It opens with this cute, candid giggle and you’re immediately infatuated. Without My Enemy What Would I Do (on point title, right?) is MADE IN HEIGHTS’ newest album and I’ve had it on loop almost constantly for the past 24 hours. The perfect part is that it’s suited every activity in that time frame—from cleaning turnover apartments for work to editing my father’s first novel to playing “Ello Governor” with some friends.
The elusive (it’s actually amazing how little information the Internet holds on them) duo describe their genre on Facebook as “mythical filth :: pop fiction :: beauty slap :: goon lit :: artisanal (c/t)rap :: west coast gothic”. And though Kelsey Bulkin sounds like a woodland nymph, you certainly don’t need to be one to get down with this album. Or a monster or a gangster or a sad kid hiding from the sun. But, you know, if you are, more power to you. MADE IN HEIGHTS makes sexy music. Over Sabzi’s spacey beats, Bulkin’s light, high voice soars. Think Grimes meets FKA twigs meets Broods.
But, unlike those other artists who’ve mastered the sexy sad-girl sound, it’s not an album of sad-girl songs. There certainly are a fair share of those and they slay. (The obvious, “Cry”: You make the stars fall down//Fall from the sky like the 4th of July//You make my tears come down”.) There’s also “Slow Burn”, a quicker paced, hot and heavy tune that’ll get you slow, seductive dancing—or looking like a fool if you’re me and have zero coordination— to get a youthful, unique man like the one she sings about. And then you’ve got a jam like “Murakami”, which has a killer drop mid-song. Still, every one of these songs has their signature sound of killer beats and ethereal vocals.
When you come across such a solid sound, it’s easy to forget about lyrics, but MADE IN HEIGHTS doesn’t fool around there either. The opening track, “Death”, kills it immediately with: Don’t fall for the blame//don’t rely on the applause. Then you’ve got “Panther”, which was their first single off this album and released back in November; a song about a fast and furious relationship. She slows it down, though, in the second verse, singing:
Got nobody on my mind, go and search my thoughts
Only you on my riverbanks
Throw my hours on your line, no need to rush
Pour my love down to make it rain
Good stuff, right? However, my favorite lyrics are from the song, “Forgiveness”. I know what you’re thinkin’, tricky subject, let’s not even go there. They handle it so well, though. The song seems to be more about self- and situational-forgiveness (something I’ve actually been working on recently; time=perspective and know that sometimes ya just gotta let things go).
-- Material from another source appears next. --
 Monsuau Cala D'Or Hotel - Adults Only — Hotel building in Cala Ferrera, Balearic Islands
Bulkin takes a look at a past relationship and, with the new distance, sees it for what it was: troubled. To forgive, you have to accept the reality of the situation. And she starts that process here:
Cause feelings that you’ve never known
Aren’t my fault
I keep my words sweet
And bathe then I lay low
‘Round we go, and the lights are low
And the circus fades, you were always carouseling
All the circles trace, as I turn my page
And you hear the bass, over words I was yellin’
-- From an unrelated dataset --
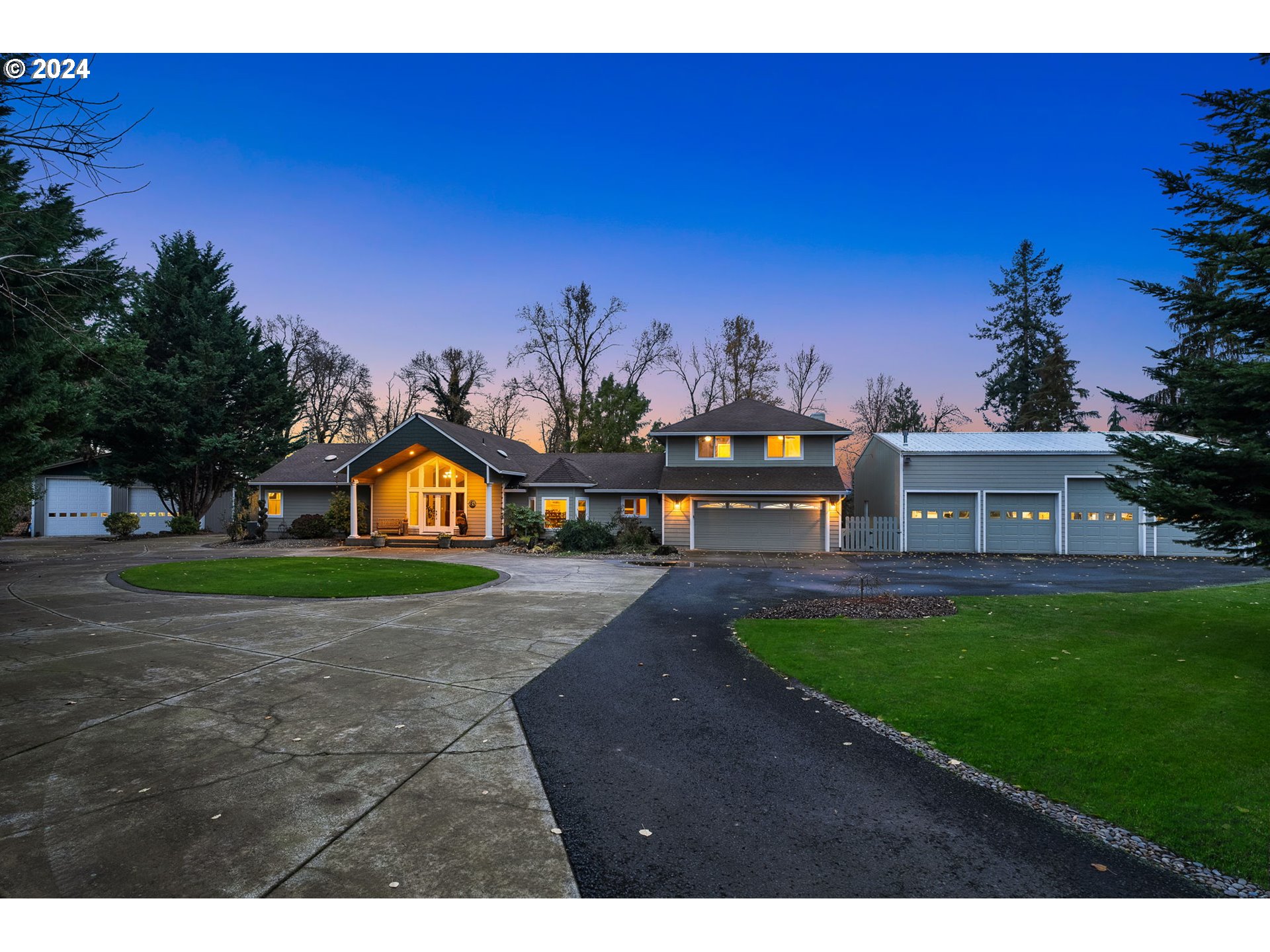 7401 Northeast Dog Ridge Road Newberg, OR 97132 - Photo 1 of 48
If you’ve been there too, you can’t tell me this doesn’t speak to your tormented soul. And still, the whole time you’re listening to this song, you’re feeling all dancey and can’t resist the bouncy tune. I dig that.
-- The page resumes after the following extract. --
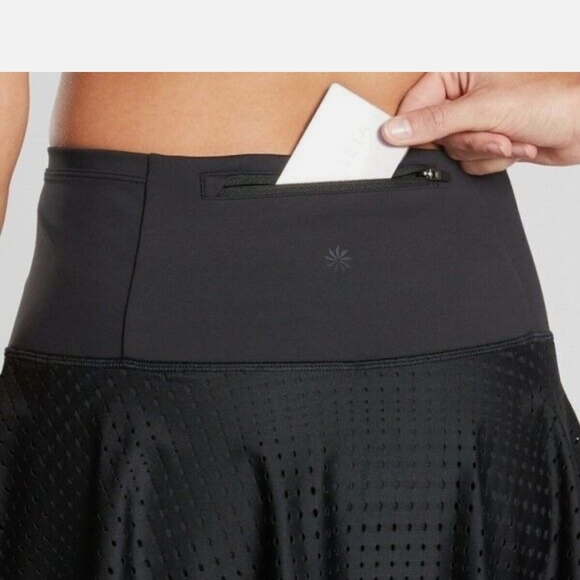 Athleta a Gsme 2 in 1 Crop skirt Skort Leggings Black Sz.MED - Picture 3 of 7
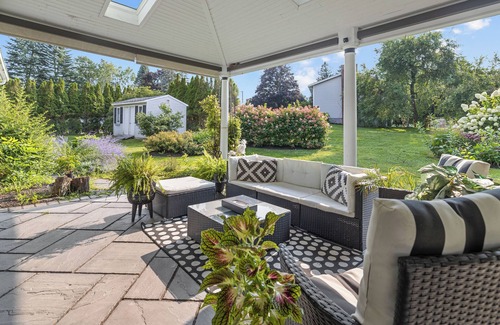Cortland West Maison | Spacious 4-bedroom house with AC, WiFi in peaceful Cortland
So next time you want that sad-girl, sexy sound, but could use something that’ll get you moving (suddenly “mythical filth and west coast gothic” are making more sense), plug in to the newest MADE IN HEIGHTS. Who knows, it could give you the courage to take your time and enjoy what may be a fleeting relationship or to finally forgive and put behind you that destined-to-be-doomed one. Either way, these two will make you feel both vulnerable and fly as hell as you jam out. What’s not to love?